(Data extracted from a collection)
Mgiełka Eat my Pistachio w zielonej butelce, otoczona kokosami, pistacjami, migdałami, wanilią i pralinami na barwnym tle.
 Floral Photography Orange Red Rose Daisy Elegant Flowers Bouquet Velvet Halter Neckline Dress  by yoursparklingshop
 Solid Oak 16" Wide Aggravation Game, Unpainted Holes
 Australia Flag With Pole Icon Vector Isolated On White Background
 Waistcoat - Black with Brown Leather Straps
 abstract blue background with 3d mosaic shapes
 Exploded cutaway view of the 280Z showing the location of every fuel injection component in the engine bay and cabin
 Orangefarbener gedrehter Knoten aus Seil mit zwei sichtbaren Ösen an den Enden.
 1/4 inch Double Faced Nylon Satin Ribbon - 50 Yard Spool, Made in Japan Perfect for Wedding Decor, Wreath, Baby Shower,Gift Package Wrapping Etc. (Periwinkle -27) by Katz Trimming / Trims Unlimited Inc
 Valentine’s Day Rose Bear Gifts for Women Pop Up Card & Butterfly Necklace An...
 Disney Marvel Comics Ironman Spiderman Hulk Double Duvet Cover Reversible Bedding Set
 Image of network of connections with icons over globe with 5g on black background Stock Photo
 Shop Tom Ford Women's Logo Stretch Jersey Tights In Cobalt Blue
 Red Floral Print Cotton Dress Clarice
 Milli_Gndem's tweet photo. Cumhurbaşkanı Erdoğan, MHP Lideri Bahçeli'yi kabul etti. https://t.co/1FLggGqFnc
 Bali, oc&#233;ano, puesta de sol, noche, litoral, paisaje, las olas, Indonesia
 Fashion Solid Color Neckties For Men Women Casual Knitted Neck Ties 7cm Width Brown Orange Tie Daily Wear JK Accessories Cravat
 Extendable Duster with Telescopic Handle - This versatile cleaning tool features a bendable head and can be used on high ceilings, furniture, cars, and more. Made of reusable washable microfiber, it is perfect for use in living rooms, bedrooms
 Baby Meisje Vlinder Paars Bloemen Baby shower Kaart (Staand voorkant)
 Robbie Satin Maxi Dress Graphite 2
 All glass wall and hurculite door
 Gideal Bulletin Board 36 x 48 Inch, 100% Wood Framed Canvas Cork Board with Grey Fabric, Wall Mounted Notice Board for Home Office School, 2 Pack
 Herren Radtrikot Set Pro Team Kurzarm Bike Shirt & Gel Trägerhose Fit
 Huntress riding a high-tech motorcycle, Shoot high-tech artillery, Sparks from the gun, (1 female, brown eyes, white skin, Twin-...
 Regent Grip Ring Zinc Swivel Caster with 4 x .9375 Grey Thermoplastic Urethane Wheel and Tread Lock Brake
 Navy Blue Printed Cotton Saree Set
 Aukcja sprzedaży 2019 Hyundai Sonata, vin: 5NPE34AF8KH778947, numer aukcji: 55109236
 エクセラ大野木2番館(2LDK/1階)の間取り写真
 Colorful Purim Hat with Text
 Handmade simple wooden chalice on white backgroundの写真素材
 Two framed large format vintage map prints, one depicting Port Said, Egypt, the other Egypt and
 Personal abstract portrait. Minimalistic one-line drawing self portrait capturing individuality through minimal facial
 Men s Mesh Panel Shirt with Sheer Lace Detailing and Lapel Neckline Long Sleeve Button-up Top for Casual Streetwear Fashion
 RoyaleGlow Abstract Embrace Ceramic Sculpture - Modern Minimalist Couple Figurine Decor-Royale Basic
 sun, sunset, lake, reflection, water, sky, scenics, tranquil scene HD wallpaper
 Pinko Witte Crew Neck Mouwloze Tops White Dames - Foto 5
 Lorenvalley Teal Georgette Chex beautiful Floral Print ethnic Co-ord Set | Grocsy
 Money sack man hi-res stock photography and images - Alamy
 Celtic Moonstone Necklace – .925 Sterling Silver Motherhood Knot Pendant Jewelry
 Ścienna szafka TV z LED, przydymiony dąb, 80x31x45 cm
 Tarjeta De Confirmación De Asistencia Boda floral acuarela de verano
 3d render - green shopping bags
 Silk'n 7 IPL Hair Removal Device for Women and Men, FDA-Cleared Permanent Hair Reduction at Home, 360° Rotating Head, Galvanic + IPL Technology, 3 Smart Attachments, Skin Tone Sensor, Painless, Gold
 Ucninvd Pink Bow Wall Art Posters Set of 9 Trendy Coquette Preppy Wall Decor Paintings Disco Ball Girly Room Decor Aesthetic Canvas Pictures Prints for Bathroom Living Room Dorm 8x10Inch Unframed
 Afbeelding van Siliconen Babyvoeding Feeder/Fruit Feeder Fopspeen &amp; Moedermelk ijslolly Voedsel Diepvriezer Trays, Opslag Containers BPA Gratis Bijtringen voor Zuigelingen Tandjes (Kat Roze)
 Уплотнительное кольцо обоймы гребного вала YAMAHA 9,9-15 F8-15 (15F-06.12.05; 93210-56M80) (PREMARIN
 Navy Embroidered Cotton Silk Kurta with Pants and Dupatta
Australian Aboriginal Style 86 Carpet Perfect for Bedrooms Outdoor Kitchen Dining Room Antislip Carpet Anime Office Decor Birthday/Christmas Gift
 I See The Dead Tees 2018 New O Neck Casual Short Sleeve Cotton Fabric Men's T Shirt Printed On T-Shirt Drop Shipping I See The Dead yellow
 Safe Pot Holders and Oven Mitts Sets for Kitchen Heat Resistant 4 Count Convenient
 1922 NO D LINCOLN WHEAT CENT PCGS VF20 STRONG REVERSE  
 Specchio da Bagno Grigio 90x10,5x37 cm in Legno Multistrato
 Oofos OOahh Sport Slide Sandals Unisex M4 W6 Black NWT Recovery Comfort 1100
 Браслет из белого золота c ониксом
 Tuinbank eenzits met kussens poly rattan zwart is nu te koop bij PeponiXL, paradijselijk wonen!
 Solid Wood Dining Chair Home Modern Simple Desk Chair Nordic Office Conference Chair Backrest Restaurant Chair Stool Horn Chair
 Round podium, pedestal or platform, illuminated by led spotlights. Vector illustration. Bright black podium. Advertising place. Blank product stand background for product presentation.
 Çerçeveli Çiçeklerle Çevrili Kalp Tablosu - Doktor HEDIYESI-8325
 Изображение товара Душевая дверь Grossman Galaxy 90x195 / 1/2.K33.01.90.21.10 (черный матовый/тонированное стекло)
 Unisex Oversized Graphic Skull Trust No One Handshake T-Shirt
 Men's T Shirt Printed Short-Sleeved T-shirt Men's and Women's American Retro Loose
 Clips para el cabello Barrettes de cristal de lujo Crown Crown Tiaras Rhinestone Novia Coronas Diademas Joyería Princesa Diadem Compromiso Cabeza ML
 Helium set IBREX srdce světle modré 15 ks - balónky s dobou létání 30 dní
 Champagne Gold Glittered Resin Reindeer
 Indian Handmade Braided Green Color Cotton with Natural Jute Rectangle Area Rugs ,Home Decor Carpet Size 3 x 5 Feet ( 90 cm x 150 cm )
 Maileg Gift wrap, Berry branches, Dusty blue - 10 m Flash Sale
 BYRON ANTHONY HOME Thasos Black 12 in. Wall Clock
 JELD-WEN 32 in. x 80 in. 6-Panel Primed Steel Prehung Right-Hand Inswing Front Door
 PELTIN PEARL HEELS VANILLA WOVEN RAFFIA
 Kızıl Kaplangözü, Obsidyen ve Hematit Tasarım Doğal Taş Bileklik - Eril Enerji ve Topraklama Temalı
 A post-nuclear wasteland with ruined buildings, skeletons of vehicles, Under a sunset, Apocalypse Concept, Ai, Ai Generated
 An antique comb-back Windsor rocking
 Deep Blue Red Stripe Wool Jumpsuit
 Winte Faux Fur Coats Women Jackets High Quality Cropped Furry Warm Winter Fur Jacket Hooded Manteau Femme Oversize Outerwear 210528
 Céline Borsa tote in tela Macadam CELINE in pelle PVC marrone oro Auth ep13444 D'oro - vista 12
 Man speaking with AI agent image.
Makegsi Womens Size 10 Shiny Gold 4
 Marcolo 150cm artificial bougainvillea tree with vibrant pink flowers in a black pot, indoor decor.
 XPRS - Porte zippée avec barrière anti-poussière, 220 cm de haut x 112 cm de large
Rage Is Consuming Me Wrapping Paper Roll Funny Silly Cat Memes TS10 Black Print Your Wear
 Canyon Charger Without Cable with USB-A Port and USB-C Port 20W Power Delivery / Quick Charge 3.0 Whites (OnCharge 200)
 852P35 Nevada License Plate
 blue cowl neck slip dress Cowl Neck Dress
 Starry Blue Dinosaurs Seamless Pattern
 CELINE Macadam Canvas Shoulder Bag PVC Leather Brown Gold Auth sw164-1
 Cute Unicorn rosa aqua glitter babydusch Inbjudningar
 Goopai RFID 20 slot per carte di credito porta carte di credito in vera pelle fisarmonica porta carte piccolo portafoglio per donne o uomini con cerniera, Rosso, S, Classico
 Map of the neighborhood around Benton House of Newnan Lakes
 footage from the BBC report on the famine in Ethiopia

The task. Give again, exactly as written, the lines running from the first line of the data above through the line that contains "abstract blue background".

Result.
Mgiełka Eat my Pistachio w zielonej butelce, otoczona kokosami, pistacjami, migdałami, wanilią i pralinami na barwnym tle.
 Floral Photography Orange Red Rose Daisy Elegant Flowers Bouquet Velvet Halter Neckline Dress  by yoursparklingshop
 Solid Oak 16" Wide Aggravation Game, Unpainted Holes
 Australia Flag With Pole Icon Vector Isolated On White Background
 Waistcoat - Black with Brown Leather Straps
 abstract blue background with 3d mosaic shapes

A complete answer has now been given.